# 5" Wild Praying Mantis in Michigan - Part 2 (4.5")



## asylum23 (Sep 25, 2009)

Hello, I posted the 5" Wild Praying Mantis in Michigan topic. Well I found this guy tonight, I do not think he is the same mantis, he seems younger, the eyes are different and the colors are different, plus he was a lot friendlier.

I really tried to get some pics w/ the ruler. This one was btwn 4.25" and 4.5". What size are they normally in say Michigan? Anyway, please enjoy and tell me what you think!


----------



## Ntsees (Sep 25, 2009)

Did you know that at night, the eyes of mantids turn dark as shown in the picture? Anyways, mantid sizes vary all over the place (even within an area) because of individual variation. Because of that, I don't know what the average size of a Chinese mantid is (also because I don't have much experience with the Chinese mantid).

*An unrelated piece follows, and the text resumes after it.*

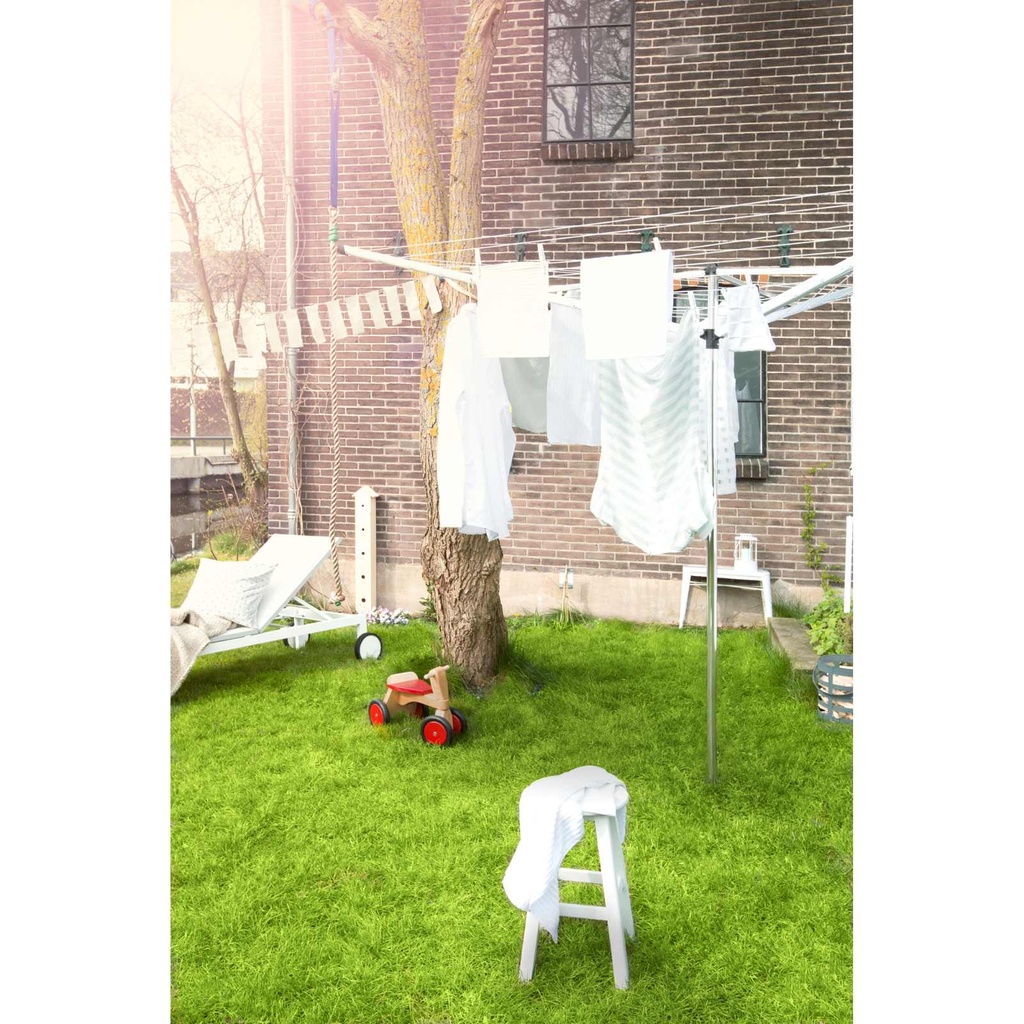 Droogmolen 50.0mtr essential m/betonanker Brabantia metallic grey sfeer 1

You should keep that mantid if you're interested and try to find a female within the area. Chances are, the female may be just as large as that male, if not larger.


----------



## asylum23 (Sep 25, 2009)

Ntsees said:


> Did you know that at night, the eyes of mantids turn dark as shown in the picture? Anyways, mantid sizes vary all over the place (even within an area) because of individual variation. Because of that, I don't know what the average size of a Chinese mantid is (also because I don't have much experience with the Chinese mantid).You should keep that mantid if you're interested and try to find a female within the area. Chances are, the female may be just as large as that male, if not larger.

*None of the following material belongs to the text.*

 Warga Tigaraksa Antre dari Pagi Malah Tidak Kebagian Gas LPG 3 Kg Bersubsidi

Thanks! I have seen this one and the post on the 5" guy, I have not yet seen a female of this very large size. But I hear that in winter they will die? If so, it is getting colder out here. I would hate to have a mantis this large pass away on me. They are coming from my 70+ acres of woods next to my house, which is good and bad, I also get huge spiders which I am no fan of.


----------



## PhilinYuma (Sep 25, 2009)

asylum23 said:


> Thanks! I have seen this one and the post on the 5" guy, I have not yet seen a female of this very large size. But I hear that in winter they will die? If so, it is getting colder out here. I would hate to have a mantis this large pass away on me. They are coming from my 70+ acres of woods next to my house, which is good and bad, I also get huge spiders which I am no fan of.

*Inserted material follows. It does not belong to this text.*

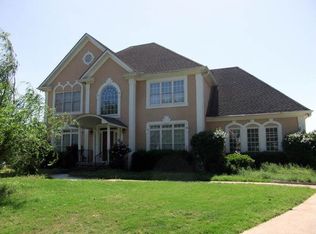 266 Kirby Ct, Sugar Hill, GA 30518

The first frost will kill them outside, but if you bring them in, they should live a few more months (that's a wild guess, but they will definitely live longer than they would outside). These are a bit too large for the 32 oz deli pots that we use so much, but you might want to check out the site of a mantis supplies dealer, like Mantis Place, where you'll find some larger enclosures. Good luck, and let us know what you decide.


----------



## asylum23 (Sep 25, 2009)

PhilinYuma said:


> The first frost will kill them outside, but if you bring them in, they should live a few more months (that's a wild guess, but they will definitely live longer than they would outside). These are a bit too large for the 32 oz deli pots that we use so much, but you might want to check out the site of a mantis supplies dealer, like Mantis Place, where you'll find some larger enclosures. Good luck, and let us know what you decide.


Thanks! Maybe in October when it really starts to get cold, I'll bring some in. It depends on how much extra money I have, I know from raising them how expensive it can get! But I will consider it, I have some tanks to put them in.


----------



## Matticus (Sep 25, 2009)

The females (while better camouflaged in my experience) are usually much bigger than the males. The male I've raised from L4 is 4.25" and the WC female I found last week is ~5.4", and perpetually active. As I type I'm watching her down a 4" katydid and try to escape from her cage at the same time.


----------



## Rick (Sep 25, 2009)

The reason you're seeing mostly males is because males fly. Females would have to crawl. It could be the same one. The eyes get dark colored when he is in the dark. He is a typical chinese mantis in all ways. Most likely he is coming from a weedy area like the edge of a field or a meadow.


----------



## asylum23 (Sep 25, 2009)

Rick said:


> The reason you're seeing mostly males is because males fly. Females would have to crawl. It could be the same one. The eyes get dark colored when he is in the dark. He is a typical chinese mantis in all ways. Most likely he is coming from a weedy area like the edge of a field or a meadow.


Yes, he flew right back thru my yard into the woods when he'd had enough of me taking his pics. He was actually behind the bug zapper, but I go out all thru the night, see what is out there.


----------



## Ntsees (Sep 25, 2009)

Matticus said:


> The females (while better camouflaged in my experience) are usually much bigger than the males. The male I've raised from L4 is 4.25" and the WC female I found last week is ~5.4", and perpetually active. As I type I'm watching her down a 4" katydid and try to escape from her cage at the same time.


What's "WC"? Anyways, are you able to take a picture of it with a ruler. I'd like to see it because I've never seen a mantid that large. The largest mantid I've seen with a ruler was 4''.


----------



## hibiscusmile (Sep 25, 2009)

W C IS WILD CAUGHT, AND C B IS CAPTIVE BRED!


----------



## Ntsees (Sep 25, 2009)

hibiscusmile said:


> W C IS WILD CAUGHT, AND C B IS CAPTIVE BRED!


Thanks.


----------



## hibiscusmile (Sep 25, 2009)

I took pics of mine today, but stupid floppy wont work so have to charge camera and try again tomorrow.


----------



## Ntsees (Sep 25, 2009)

hibiscusmile said:


> I took pics of mine today, but stupid floppy wont work so have to charge camera and try again tomorrow.


Nice, can't wait to see them.


----------



## Orin (Sep 30, 2009)

asylum23 said:


> I really tried to get some pics w/ the ruler. This one was btwn 4.25" and 4.5". What size are they normally in say Michigan?


 It's NOT difficult at all, you hold it against the ruler with one hand and take a picture. Your mantids are likely not much over 4" unless you're including the back legs, antennae or rounding up.


----------